= Beginning of Section =

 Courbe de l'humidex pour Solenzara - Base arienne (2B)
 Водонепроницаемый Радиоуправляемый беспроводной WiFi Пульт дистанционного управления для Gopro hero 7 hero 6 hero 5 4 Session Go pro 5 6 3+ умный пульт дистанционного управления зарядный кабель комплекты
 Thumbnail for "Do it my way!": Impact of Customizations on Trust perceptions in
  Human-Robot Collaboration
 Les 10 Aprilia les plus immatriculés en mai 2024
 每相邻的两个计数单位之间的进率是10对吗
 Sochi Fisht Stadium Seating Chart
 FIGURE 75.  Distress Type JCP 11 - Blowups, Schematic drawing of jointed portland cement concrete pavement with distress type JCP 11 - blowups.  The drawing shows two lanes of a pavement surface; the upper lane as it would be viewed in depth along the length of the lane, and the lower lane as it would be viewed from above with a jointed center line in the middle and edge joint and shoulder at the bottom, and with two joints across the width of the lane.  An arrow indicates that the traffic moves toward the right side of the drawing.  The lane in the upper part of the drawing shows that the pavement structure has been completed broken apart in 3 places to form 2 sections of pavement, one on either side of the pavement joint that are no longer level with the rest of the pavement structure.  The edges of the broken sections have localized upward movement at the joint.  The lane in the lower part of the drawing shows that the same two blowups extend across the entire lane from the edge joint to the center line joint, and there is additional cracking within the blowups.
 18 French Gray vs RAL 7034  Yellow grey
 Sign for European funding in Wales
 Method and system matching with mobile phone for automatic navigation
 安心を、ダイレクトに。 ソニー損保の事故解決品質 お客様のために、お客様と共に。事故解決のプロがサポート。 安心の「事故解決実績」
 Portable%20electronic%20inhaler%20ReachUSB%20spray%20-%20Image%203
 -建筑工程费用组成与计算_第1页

= End of Section =

◆ **Exercise instructions**:
Give the data back in full, matching it character for character.

◆ **Task response**:
 Courbe de l'humidex pour Solenzara - Base arienne (2B)
 Водонепроницаемый Радиоуправляемый беспроводной WiFi Пульт дистанционного управления для Gopro hero 7 hero 6 hero 5 4 Session Go pro 5 6 3+ умный пульт дистанционного управления зарядный кабель комплекты
 Thumbnail for "Do it my way!": Impact of Customizations on Trust perceptions in
  Human-Robot Collaboration
 Les 10 Aprilia les plus immatriculés en mai 2024
 每相邻的两个计数单位之间的进率是10对吗
 Sochi Fisht Stadium Seating Chart
 FIGURE 75.  Distress Type JCP 11 - Blowups, Schematic drawing of jointed portland cement concrete pavement with distress type JCP 11 - blowups.  The drawing shows two lanes of a pavement surface; the upper lane as it would be viewed in depth along the length of the lane, and the lower lane as it would be viewed from above with a jointed center line in the middle and edge joint and shoulder at the bottom, and with two joints across the width of the lane.  An arrow indicates that the traffic moves toward the right side of the drawing.  The lane in the upper part of the drawing shows that the pavement structure has been completed broken apart in 3 places to form 2 sections of pavement, one on either side of the pavement joint that are no longer level with the rest of the pavement structure.  The edges of the broken sections have localized upward movement at the joint.  The lane in the lower part of the drawing shows that the same two blowups extend across the entire lane from the edge joint to the center line joint, and there is additional cracking within the blowups.
 18 French Gray vs RAL 7034  Yellow grey
 Sign for European funding in Wales
 Method and system matching with mobile phone for automatic navigation
 安心を、ダイレクトに。 ソニー損保の事故解決品質 お客様のために、お客様と共に。事故解決のプロがサポート。 安心の「事故解決実績」
 Portable%20electronic%20inhaler%20ReachUSB%20spray%20-%20Image%203
 -建筑工程费用组成与计算_第1页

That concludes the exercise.